Sport

Radsport "wie ein Selbstmörder" Sponsoren springen ab

Das Feld der potenten Radsport-Sponsoren lichtet sich. Das US-Team Discovery-Channel, Crdit Agricole aus Frankreich und die deutsche Zweitliga-Mannschaft Wiesenhof haben aus der tief greifenden Krise der Branche andere Schlüsse gezogen als T-Mobile. Die Mannschaften verschwinden zum Saisonende von der Bildfläche. Fahrer, Mechaniker, Betreuer stehen auf der Straße - ohne Rad. Gerolsteiner überlegt den Ausstieg 2009, Milram könnte schon 2008 nach nur zwei Jahren im brisanten Business die Segel streichen, Astana steht vor der Auflösung. Die Lage ist verfahren.

Zukunft in der Arbeitslosigkeit

"Schuld sind die weiter dopenden Profis und die Presse, die die Affären wochenlang ausschlachtet, ohne auf andere Sportarten zu schauen. In zwei, drei Jahren gibt es in Deutschland an der Spitze vielleicht nur noch T-Mobile mit vielleicht zehn einheimischen Topfahrern. Dann wird auch der Unterbau der Nachwuchsfahrer verschwinden", sagte Wiesenhof-Manager Jens Heppner und malte ein tristes Bild. Er hat nur noch sehr geringe Hoffnung, die drohende Arbeitslosigkeit für seine rund 35 Angestellten - unter ihnen Jan Ullrichs Bruder Stefan als Mechaniker - abzuwenden: "Ich habe mir schon Gedanken gemacht, in Zukunft außerhalb des Radsports tätig zu sein."

"Lebten jahrelang im Paradies - jetzt nicht mehr"

Nach dem verkündeten Aus für Discovery Channel drängt noch weitaus profilierteres Personal auf den Markt. "Das muss man sich mal vorstellen: Wir haben in den vergangenen neun Jahren acht Mal die Tour de France gewonnen und sind als Team nicht mehr vermittelbar. Wir lebten jahrelang im Paradies - jetzt nicht mehr", erklärte Teamchef Sean Yates bei der Deutschland-Tour. George Hincapie (USA), der Lance Armstrong erst bei US Postal, dann bei Discovery zu seinen Tour-Siegen pilotierte, ist schon seit Wochen bei T-Mobile im Gespräch.

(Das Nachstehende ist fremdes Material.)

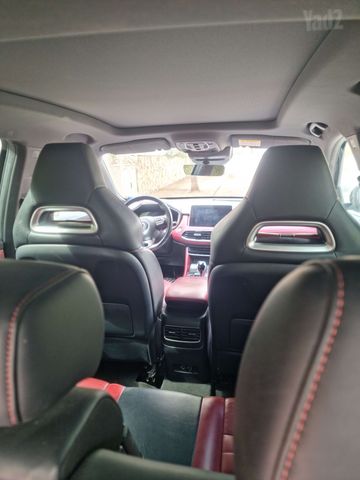 אם ג'י EHS PHEV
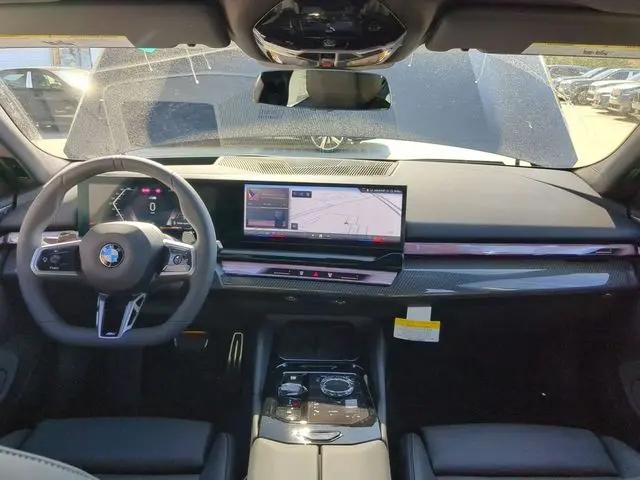 2027 BMW 5 Series 540i xDrive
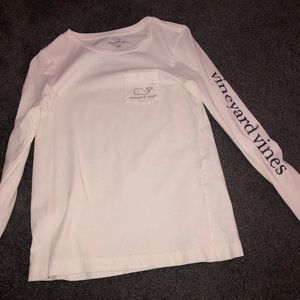 Vineyard vines long sleeve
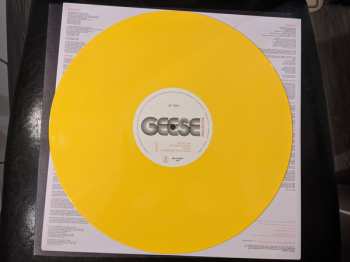 LP/CD Geese: Projector CLR | LTD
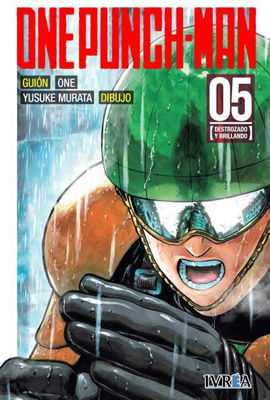 Imagen de One Punch-man Vol. 05 / One - Ivrea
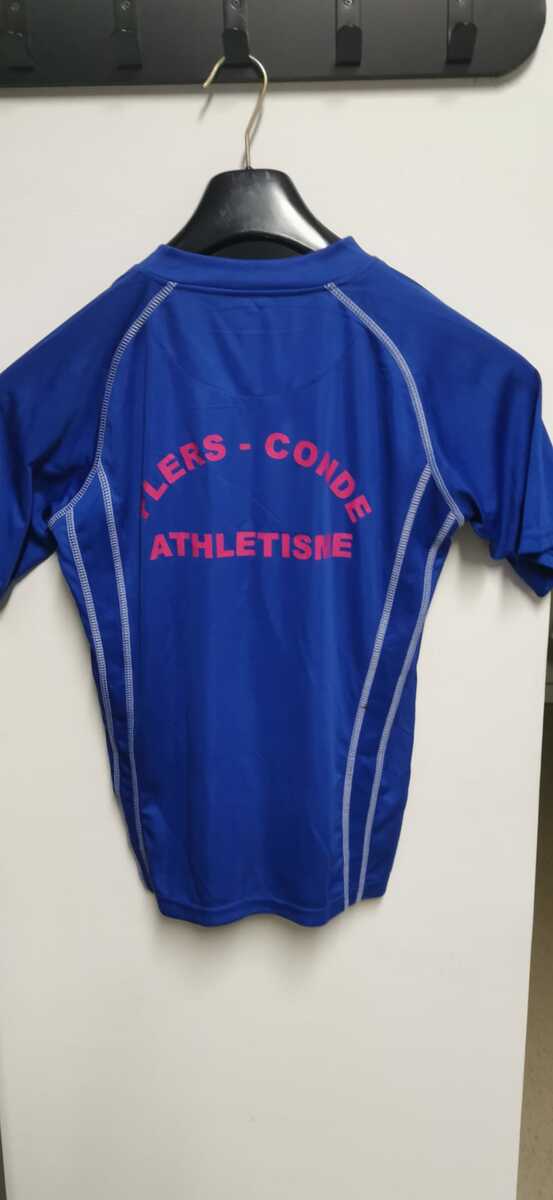 Haut Manches Courtes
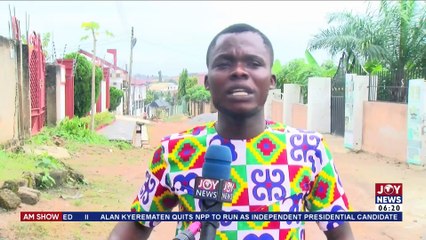 Alan Resigns From NPP: I'll contest 2024 presidential election as an independent candidate | AM News
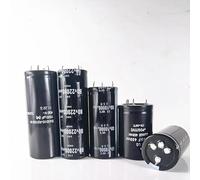 BYLSAGWHT 1PCS Four-pin electrolytic capacitor 450V470UF 35X50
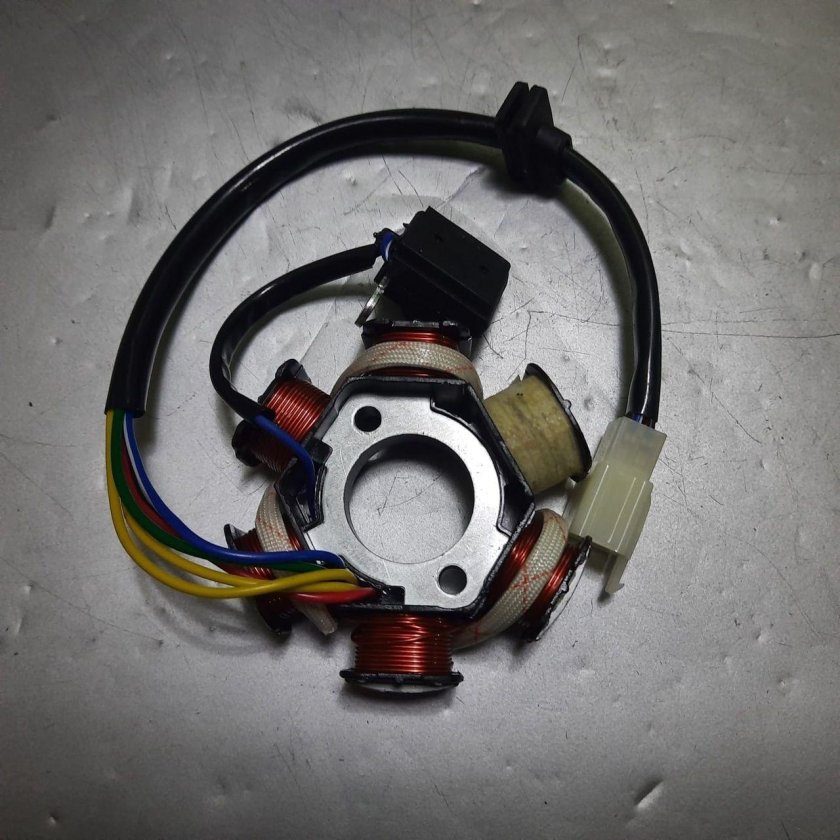 Генератор Ирбис ТТР 125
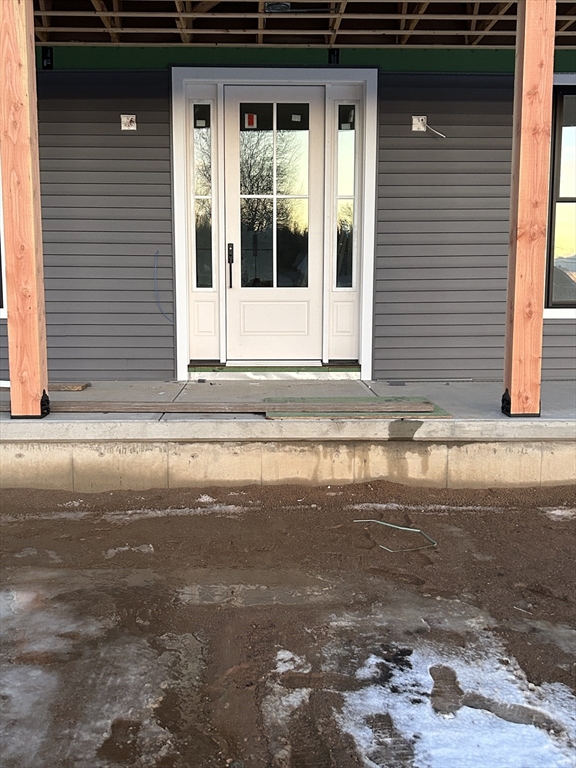337 Chicopee Street, Unit LOT 8 Granby, MA 01033 - Photo 20 of 21 a view of a house with a window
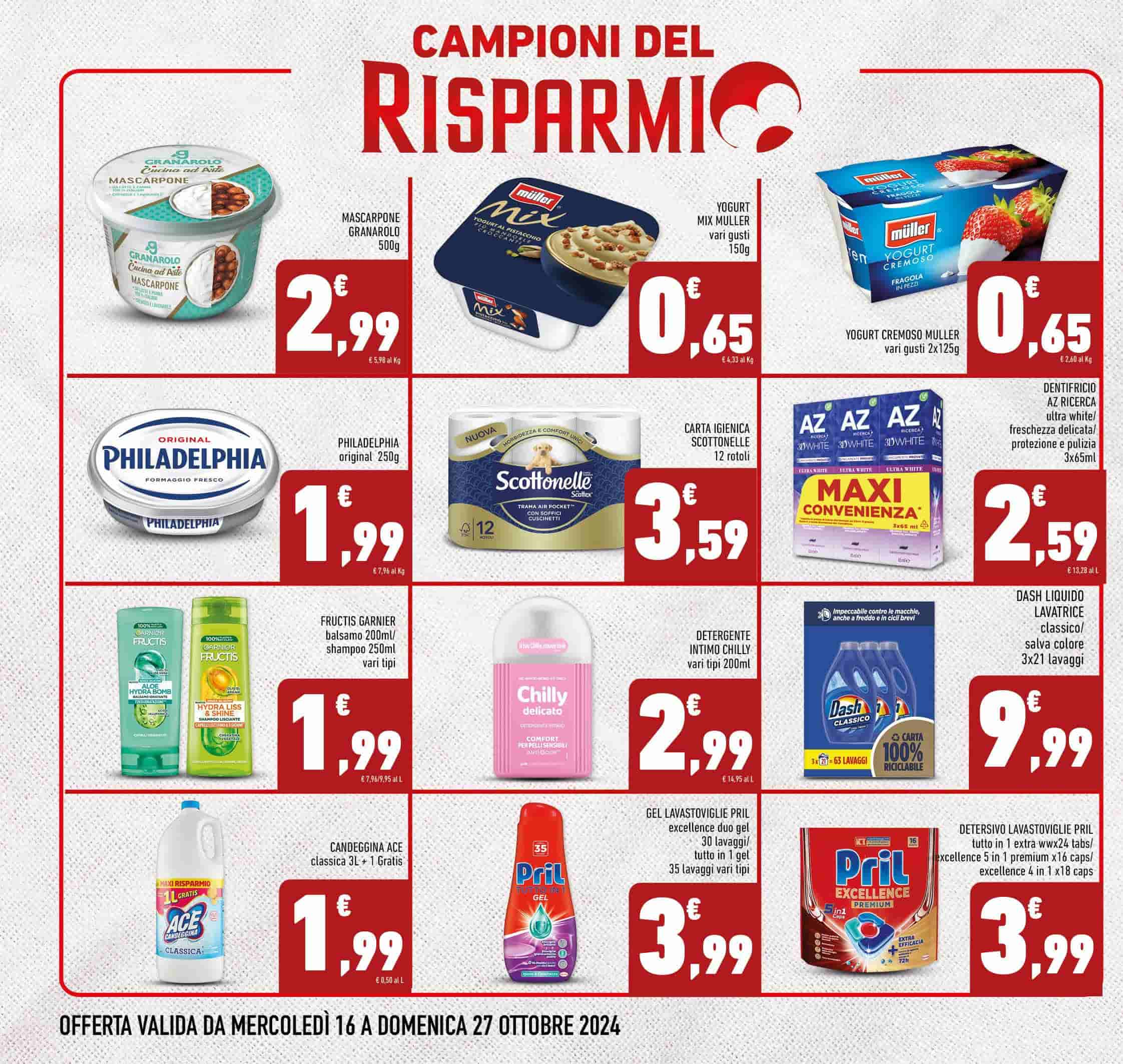 Conad | Campioni del Risparmio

Tour-Sieger kaum vermittelbar

Der frisch gebackene, allerdings wegen angeblicher Verwicklungen in die Fuentes-Affäre unter Umständen schwer an den Mann zu bringende Tour-Sieger Alberto Contador wird laut Yates bei der Jobsuche Mühe haben: "Sein Manager steht da vor einem Haufen Arbeit." Hans-Michael Holczer, Manager des Teams Gerolsteiner, würde Interessenten empfehlen, beim Zugriff auf den Discovery-Nachlass zuerst "die Blutwerte der Fahrer" abzufragen.

Funktionierende Team-Struktur, keine Affären

Sein Sponsor, der Mineralwasser-Hersteller aus der Vulkaneifel, will Anfang September entscheiden, wie es nach 2008 weiter geht. "Ich glaube, die Entscheidung des Konzerns, der einen Jahresumsatz in der Höhe des gesamten Werbetats von T-Mobile hat, steht noch nicht fest. Verantwortlich dafür werden weniger die Doping-Problematik als vielmehr die wirtschaftlichen Faktoren sein", sagte Holczer, der für den Fall der Fälle "noch keine spruchreifen Alternativen in der Schublade" hat. Er habe sicherheitshalber bisher nur "lose Kontakte" geknüpft.

Holczer hätte, wenn sein Sponsor nicht mehr will, ein Qualitäts-Produkt anzubieten: "Fahrer auf höchstem Niveau, eine funktionierende Team-Struktur, keine Affären." Alles für einen Jahresetat von rund acht Millionen Euro zu erstehen. Holczer: Vielleicht ein bisschen mehr, weil erste Liga immer etwas teurer ist." Den Wert aller 20 ProTour-Teams taxierte der ehemalige Mathematik-Lehrer auf 189 Millionen Euro. Der Fall Discovery ist für Holczer nur der beste Beweis seiner These, dass sich der Radsport "benimmt wie ein Selbstmörder, der sich der wirtschaftlichen Plattform beraubt".

Wieder etwas glaubwürdiger

Aber der Manager aus Herrenberg sieht durch die jetzt offensichtlich besser greifenden Doping-Kontrollen auch einen ganz zarten Silberstreif am Horizont: "Die Ereignisse der Tour de France haben unseren Sport wieder etwas glaubwürdiger gemacht."